I thought it was a strange question, so I asked “why wouldn’t I have it on there”? This is where I learned of the dominance that WhatsApp has in the Middle East and other parts of the world. WhatsApp is used for everything in these countries. My father who is an interior designer sends blueprints and contracts for his job through WhatsApp as opposed to email. There are countless WhatsApp group chat networks and the platform is the primary communication and file transfer client in many countries that do not have quick access to the cloud and laptop computers. A reason for this is that smartphones have become more accessible and many countries offer unlimited internet but not unlimited text messaging. And since WhatsApp operates using an internet connection this lent the app to become as popular as it has.
Outside of the right time and place, WhatsApp offers a feature set that makes the app very appealing. WhatsApp offers cloud backups to both Google Drive and iCloud so transferring messages to another device is not a hassle. This backup method makes transferring photos and videos very simple as well, which is a limitation that traditional messaging backup has had for years. WhatsApp also boasts a web client for those looking to message a group chat while on a laptop. Most importantly though, WhatsApp supports end-to-end encryption and despite being owned by Facebook many of the pitfalls of Facebook Messenger have not trickled to WhatsApp…yet.
The issue that WhatsApp faces is an issue that Facebook Messenger faces to an extent. And that is that it must be downloaded and is not set up immediately on new phones like iMessage is on iPhones or how RCS messaging is on Android phones. Overseas this isn’t an issue as it has taken a foothold, but the lack of a large US user base is what holds WhatsApp back from dominating in the way that iMessage does on this side of the globe. Yet of all these options, it is the most feature-rich and the most compelling option…if your circle of family and friends uses it.
Signal and Third-Party Messaging Apps
One of the appeals of Android has always been that if you do not like an app that came on your phone, it can be replaced. This is the case for keyboards, home screen launchers, email apps, and of course text messaging apps. In the early days of Android, these apps were all the rage. Apps like GoSMS, Chomp SMS, and Handcent Messages were some of the first apps that people downloaded to their phones. They offered a faster and more customized messaging experience that outclassed the default option that came with a new Android phone.
Over time, more and more third-party SMS apps rose to prominence with a focus on elegant design principles. Apps such as Textra SMS, QK SMS, and Pulse SMS became very popular by keeping the spirit of customization of the original texting replacement apps and further enhancing speed and usability. However, as it has become clear in recent years that chat is the future and SMS is the past these apps seem to have been losing popularity.

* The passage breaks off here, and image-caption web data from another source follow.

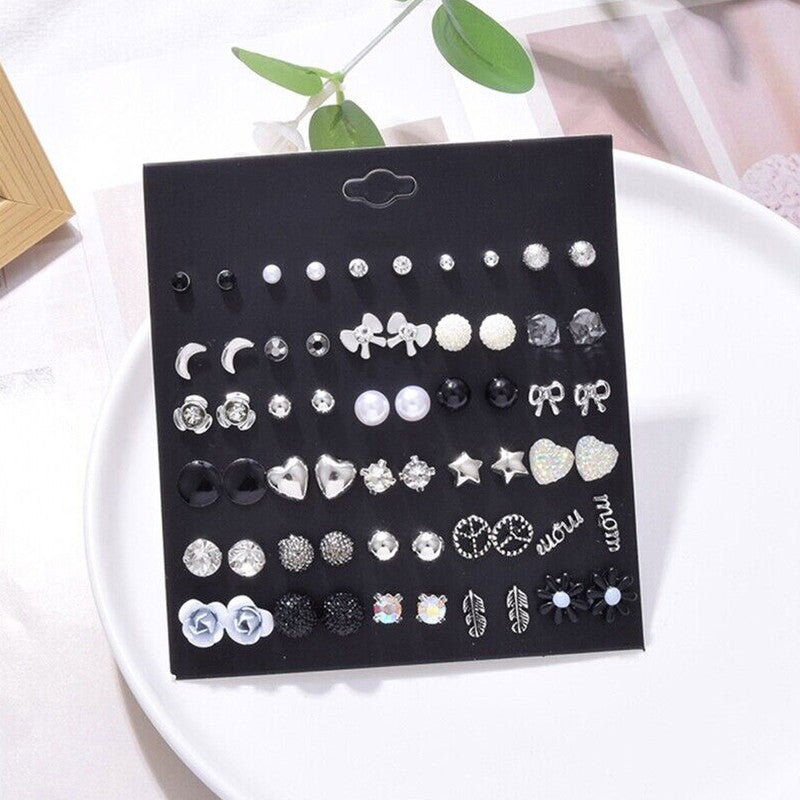 Silver Plated Black and White Studs of 30 Pair For Women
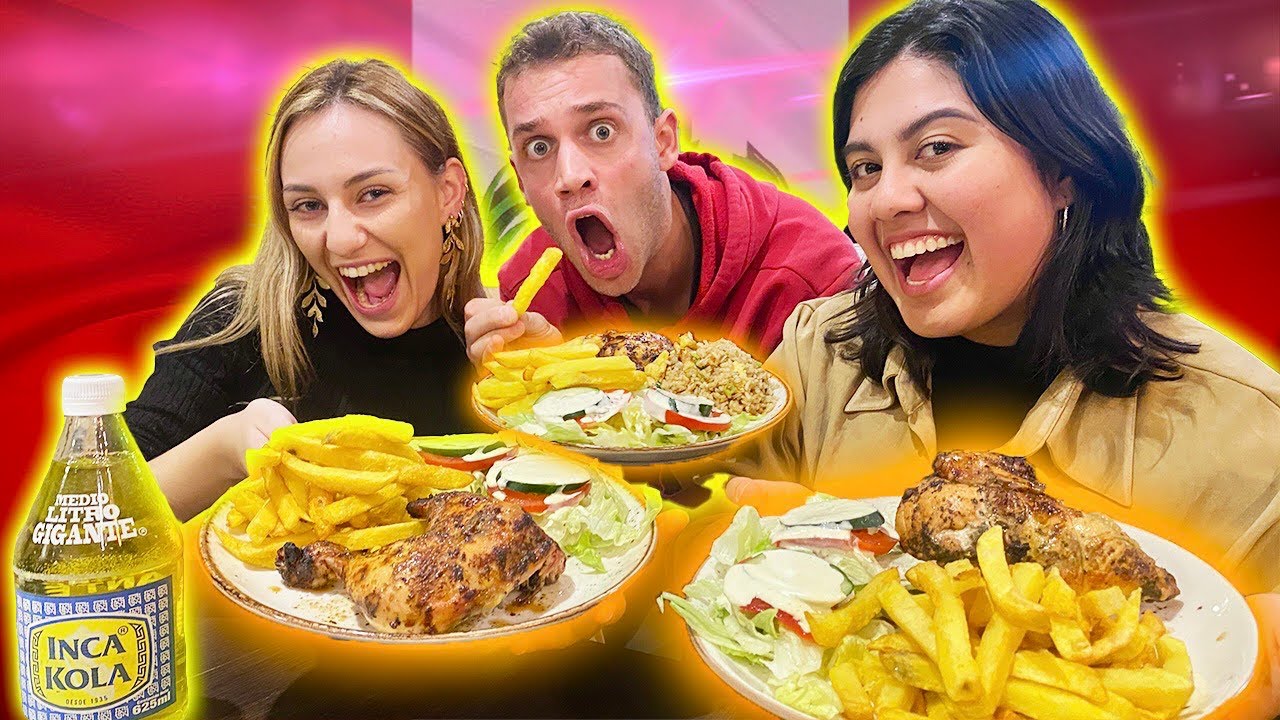ESPAÑOLAS PRUEBAN EL POLLO A LA BRASA Y MOSTRITO PERUANO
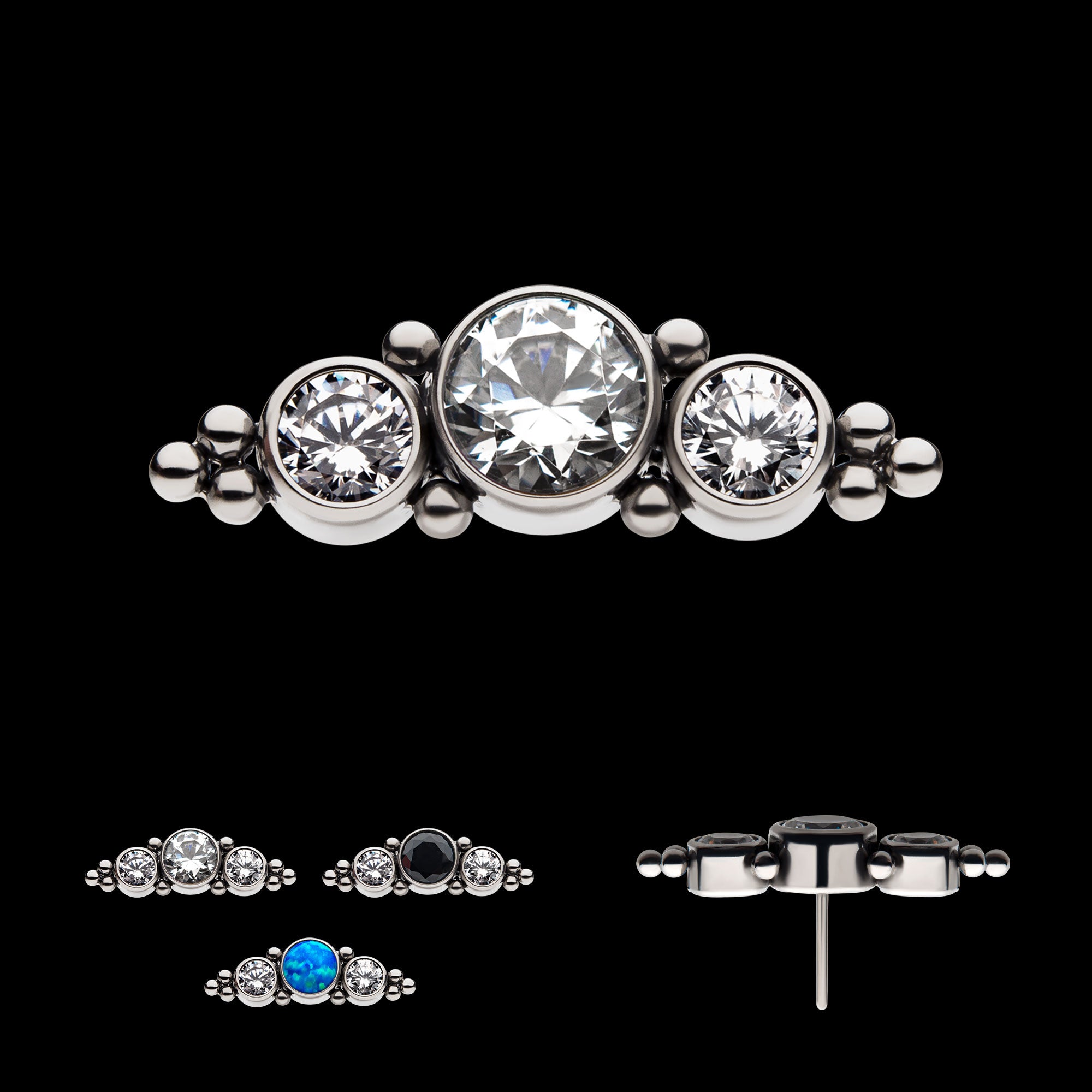 3-Bezel Set Synthetic Opal/AAA Gem/Swarovski Zirconia & Beads Cluster Flatback Stud Earring / Nosering - Synthetic Opal & Opal in Titanium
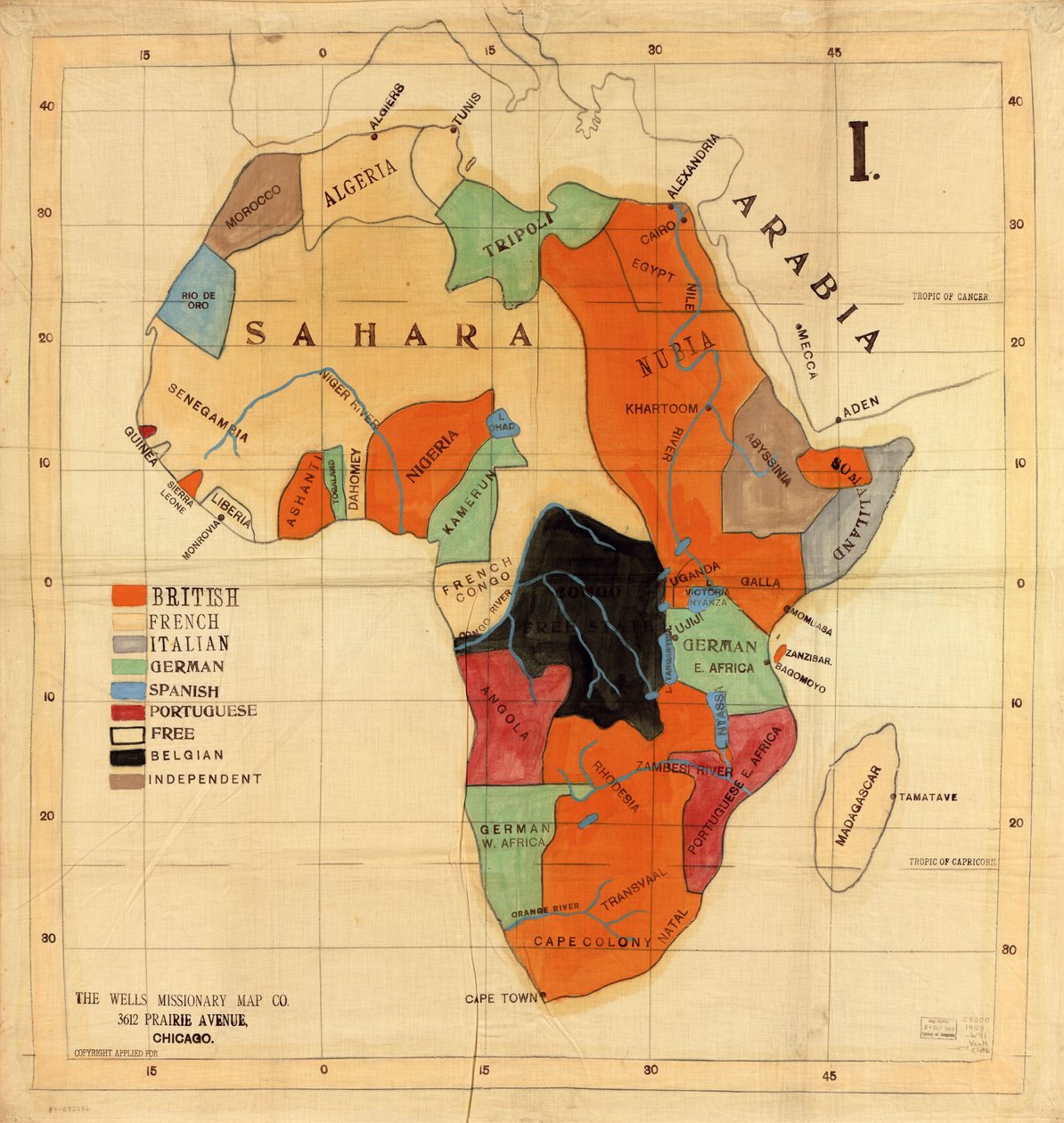 África]. de Wells Missionary Map Co.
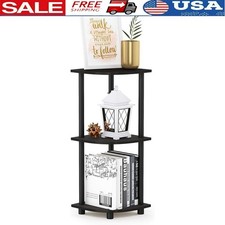Space-Saving Corner Shelf 3-Tier Open Bookcase Bedroom Office Living Room New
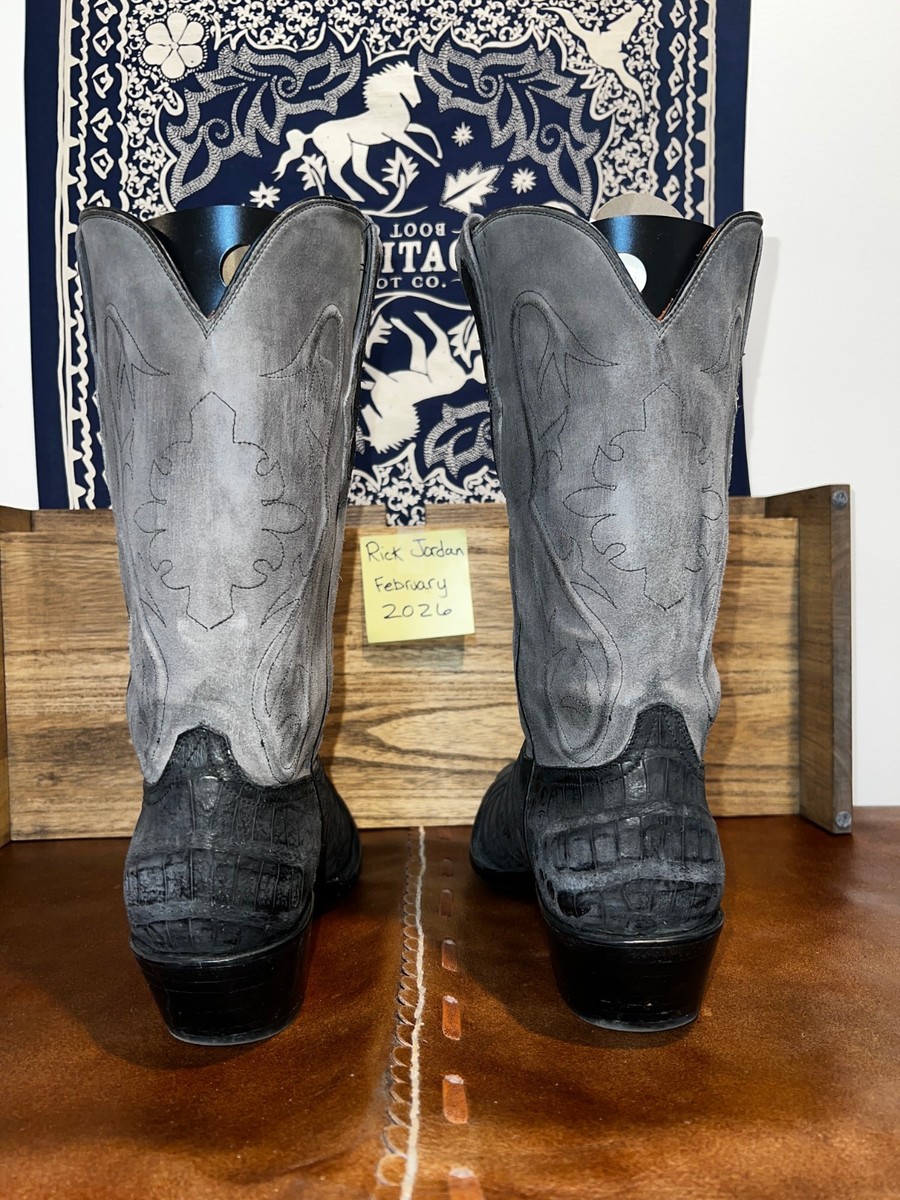 Black Jack Charcoal Gray Sueded Caiman Belly Cowboy Boots in men\'s 11D s-l400.jpg main image 4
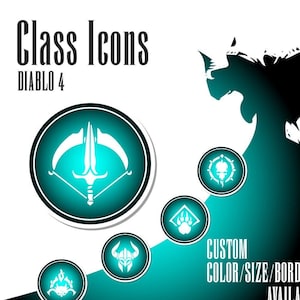 Light Blue | DIABLO 4 CLASS ICONS | Discord Badges + Emotes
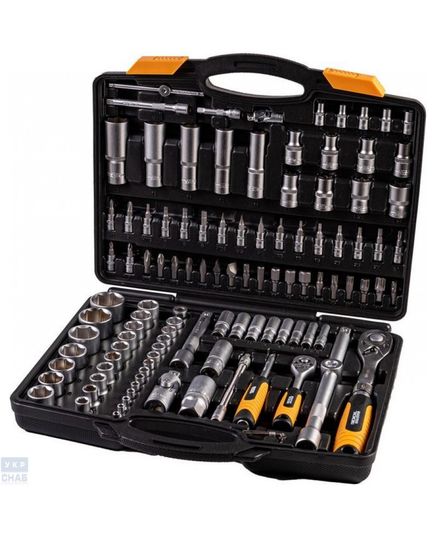 Профессиональный набор инструментов 111 элементов, сталь CrV, 1/4 -1/2”, телескопическая трещетка 72 зуба, ударопрочный кейс PROFI MASTERTOOL 78-5112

Consumers have moved to SMS 2.0 with quicker messages, typing indicators, better multimedia delivery, and more dynamic methods of expression in messaging. Customization has gone down on the list of important features to most users. While standard SMS is still quite functional the lack of these new features makes it feel less than. An app that has attempted to solve this problem is Signal Private Messenger.
Signal is a messaging client that boasts encryption and privacy. In a world that is increasingly vulnerable to data breaches and hacks there is an appeal to a messaging app that is focused on keeping conversations safe and private. Signal is a not for profit project that uses an open-source privacy engine called Signal Protocol. The app also boasts disappearing messages reminiscent of Snapchat. Again, like WhatsApp, Signal suffers from the userbase issue. The app has 10 million downloads on the Play Store which is a decent amount but that pales in comparison to the over 1 billion downloads for Facebook Messenger and the 5 billion downloads for WhatsApp. And without the userbase, Signal becomes just another old-school SMS app. All of these choices highlight something that has become an issue in modern digital life: there are too many apps and too many ways for us to communicate.
Look at your phone and consider if someone wanted to reach you how they could accomplish this. They could message you on your text messaging app of choice, Facebook Messenger, Instagram direct message, Twitter direct message, LinkedIn, email, WhatsApp, or Snapchat Chat. That is a lot of ways to get a hold of someone. And in a way, the numerous ways to message on an Android device mirrors this reality, if there are so many ways to communicate why not leverage that to make your product more appealing.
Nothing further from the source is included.